15 Luyheyt doet in diepen slaep vallen: ende eene bedriechlicke ziele sal hongeren.
16 Die het gebodt bewaert, bewaert sijne ziele: die sijne wegen veracht, sal sterven:
17 Die sich des armen ontfermt, leent den HEERE: ende hy sal hem sijne weldaet vergelden.
18 Tuchticht uwen soon, alsser noch hope is: maer en verheft uwe ziele niet, om hem te dooden.
19 Die groot is van grimmicheyt, sal straffe dragen: want so ghy [hem ] uyt-reddet, so sult ghy noch moeten voort-varen.
20 Hoort raet, ende ontfangt tucht; op dat ghy in u laetste wijs zijt.
21 In ’t herte des mans zijn vele gedachten: maer de raet des HEEREN die sal bestaen.
22 De wensch des menschen is sijne weldadicheyt: maer de arme is beter dan een leugenachtich man.
23 De vreese des HEEREN is ten leven: want men sal versadicht zijnde vernachten; met het quaet en salmen niet besocht worden.
24 Een luyaert verbercht de hant inde boesem: ende hy en salse niet weder aen sijnen mont brengen.
25 Slaet den spotter, so sal de slechte cloecksinnich worden: ende bestraft den verstandigen, hy sal wetenchap begrijpen.
26 Wie den vader verwoest, [ofte ] de moeder verjaecht; is een soon die beschaemt maeckt, ende schande aendoet.
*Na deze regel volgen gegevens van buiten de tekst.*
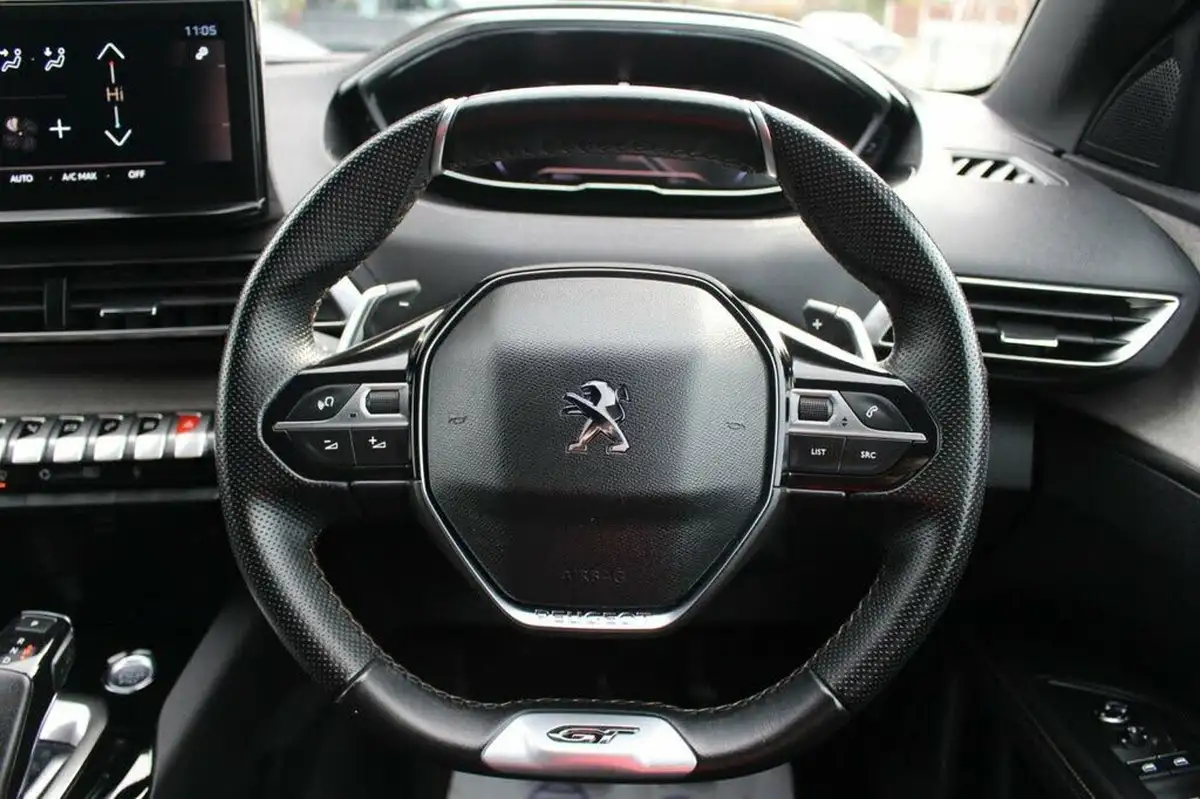 2021-peugeot-5008-suv-16-puretech-gt-big-26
27 Laet af, mijn soon, hoorende de tucht, af te dwalen vande redenen der wetenschap.
28 Een Belials getuyge bespott het recht: ende de mont der godtloosen slockt de ongerechticheyt in.
29 Gerichten zijn voor den spotters bereydet: ende slagen voor den rugge der sotten.